Traditionally, modern-day databases are formed when numerous servers are connected and stored in a secure location. The organization that owns these servers also has considerable control over all the data stored within them.
While this centralized setup works effectively for numerous applications, it can also provide a single point of failure. For instance, the owner organization can modify, erase, or block access to the data. The data may also be rendered inaccessible if there is a power failure, the internet goes down, or a disaster occurs where the servers are stored.
Blockchain is immune to these threats. In principle, it is a widely distributed database. Data is transmitted among numerous network nodes generally spread over a wide geographical area. This bolsters redundancy and cements data fidelity. The latter is ensured because users cannot simply change the data.
How are unauthorized changes thwarted? Let’s say a user attempts to modify an existing record within the database. While they may successfully edit the data in one node, the data remains unaltered in the other nodes. The other nodes then run cross-references among one another and swiftly highlight and discard the modified data on the one node. Thus, no node on the blockchain network can edit the database unilaterally.
This feature makes records permanent and creates an unmodifiable chronological history of all transactions. The most popular application of such records is the storage of cryptocurrency transactions. However, blockchain is also used to store other critical data, such as user information, legal contracts, and product inventories.
The validation of new entries to any block must occur through majority network consensus. This simply means that most computers on the decentralized blockchain network have to agree to every change. The validation of bad faith modifications or transaction errors is prevented by consensus mechanisms such as proof of work (PoW) and proof of stake (PoS).
Both, proof of work and proof of stake have economic penalties against network disruptions to thwart bad faith actors. In the former, miners are penalized for inputting invalid data (or blocks) by energy, time, and computing power loss. In the latter, a percentage of the cryptocurrency staked by the validators is deducted should they accept a bad block. The slashed amount can vary by network.
Both consensus mechanisms enable the seamless verification of transactions without requiring a specific node to be in charge. However, one stark difference between them is energy consumption. Blockchains driven by proof of stake do not need miners to expend motive power on the duplicative undertaking of competing against each other to solve the same puzzle. Thus, proof of stake minimizes resource consumption during network operations.
The decentralized nature of blockchain enables all transactions to be viewed transparently–either by users accessing a personal node or through blockchain explorers that allow users to view live transactions as they occur. A copy of the chain is present on every network node and is updated once new blocks are validated and recorded. Anyone with access to the database can track transactions. 

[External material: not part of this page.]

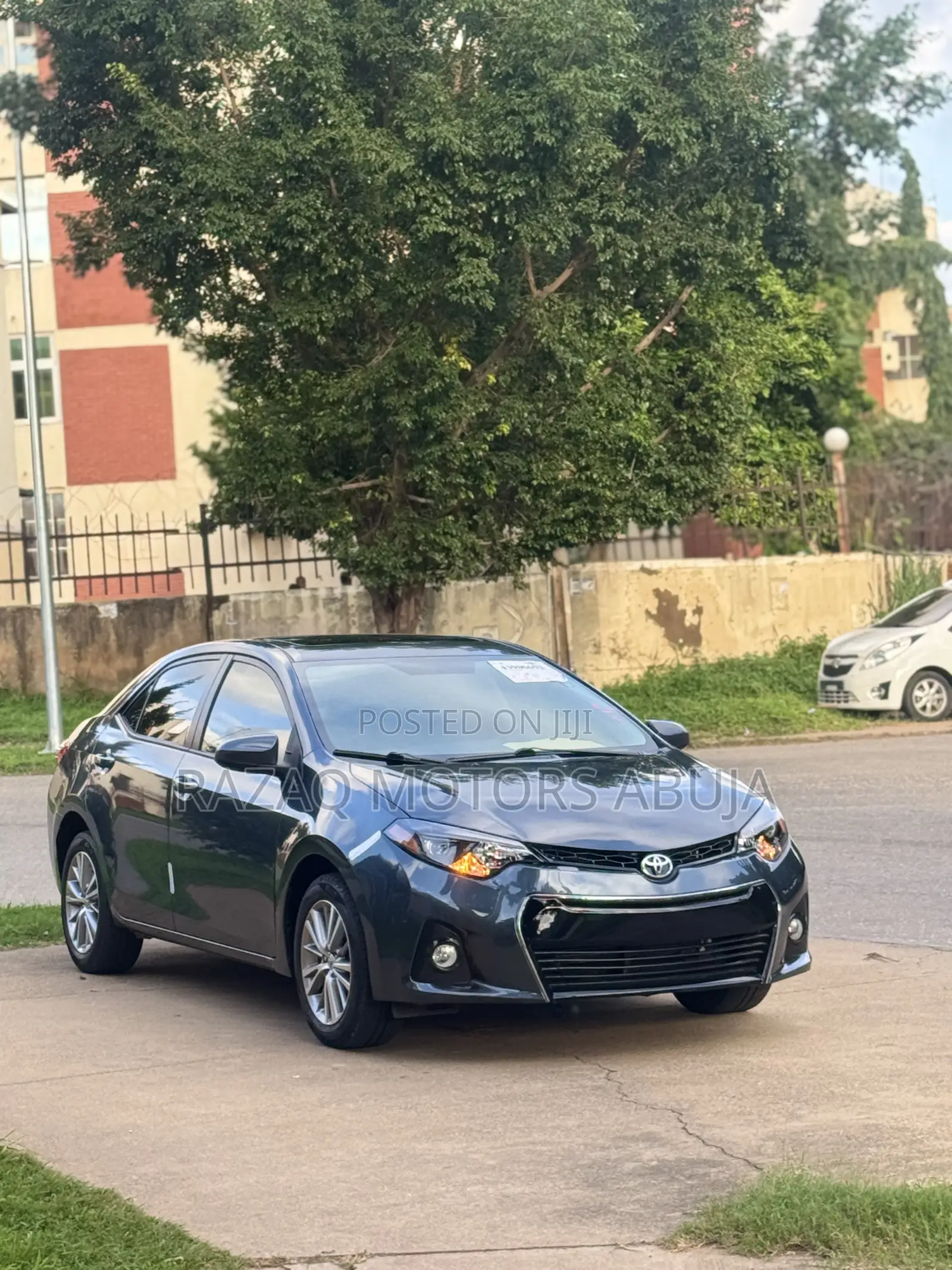Toyota Corolla LE Premium 4dr Sedan (1.8L 4cyl CVT) 2015 Gray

Blockchain databases are encrypted to prevent the identity of stakeholders and other critical information from being revealed to all users. This allows users to stay anonymous without the transactions being hidden. Database owners can use a public-private key pair to decrypt the database.
Here’s an example of how blockchain transparency works. In the past, Bitcoin exchanges have been targeted by cybercriminals who managed to steal users’ cryptocurrency. While the identity of the bad actors was not immediately apparent in these cases, one could still trace the stolen Bitcoins as they were moved or exchanged.
Despite being a decentralized database solution, blockchain does not compromise security and trust. Blockchain’s robust network security encourages users to participate in its functioning while heavily disincentivizing malicious behavior.
The most straightforward measure to preserve security levels is the new blocks’ linear and chronological storage. Each new record is unfailingly inserted at the ‘end’ of the blockchain. Once the record is made, the only way to modify it is through majority network consensus.
Blocks are further secured as they contain their hash value and timestamp, as well as the block’s hash value chronologically before them. These hash values are generated using a mathematical function to transform data into an alphanumeric string. Any modifications made to the data of a block lead to a change in the hash value.
For instance, a malicious user who has access to a node on a blockchain network manipulates the database to add cryptocurrency to their wallet illegitimately. The updated record will reflect on that user’s node; however, this data will no longer align with the information on the other nodes. Once all the nodes cross-reference the collective database, this manipulated entry will be highlighted and singled out as illegitimate.
For the security and integrity of a blockchain database to be compromised, the malicious parties must collectively control a majority of the nodes. This would allow the manipulated copy to become the one accepted by most of the nodes. However, this can be a tall order, as nodes are heavily decentralized and often spread over a wide geographical area.
The other, much larger, consideration would be to modify every block before the one being manipulated because the hash values and timestamps would need to be updated. These security measures make such an attack resource-intensive and minimize the probability of success.
Finally, other network members would easily spot any such actions. These users would likely have the option to execute a ‘hard fork off’ to a new, unaffected iteration of the chain. In the case of cryptocurrency, such a hard fork would lead to the attacked token version losing all its value, thus leaving the attackers in control of a worthless asset and defeating the very purpose of the attack.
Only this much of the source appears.